Required action ->
From the listing below, extract each entry exactly as written, minus the images.

━━━━

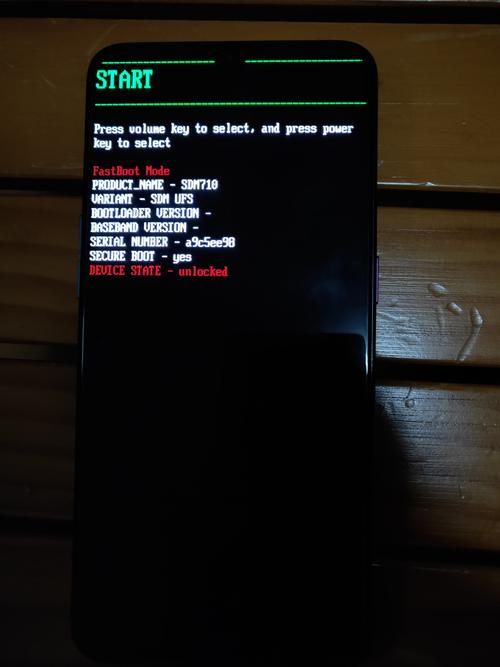 Bootloader品牌有哪些？主流品牌怎么选？-图1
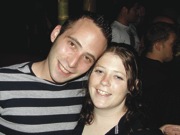 UNIVERSAL HILLCREST photo 2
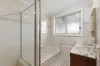 77 Bombala Crescent, Quakers Hill, NSW 2763-Image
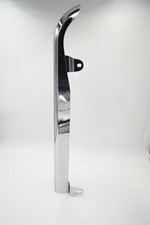 Kreidler Florett K54 LF LH GT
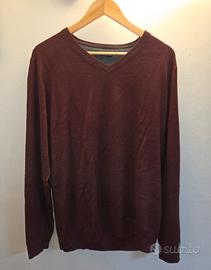 Pullover uomo Livergy XL 56/58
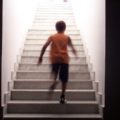 シシー・スクワットで鍛えられる運動能力は何？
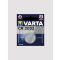 Varta Battery CR2032 Batteries - Amorana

━━━━

Result for this exercise ->
 Bootloader品牌有哪些？主流品牌怎么选？-图1
 UNIVERSAL HILLCREST photo 2
 77 Bombala Crescent, Quakers Hill, NSW 2763-Image
 Kreidler Florett K54 LF LH GT
 Pullover uomo Livergy XL 56/58
 シシー・スクワットで鍛えられる運動能力は何？
 Varta Battery CR2032 Batteries - Amorana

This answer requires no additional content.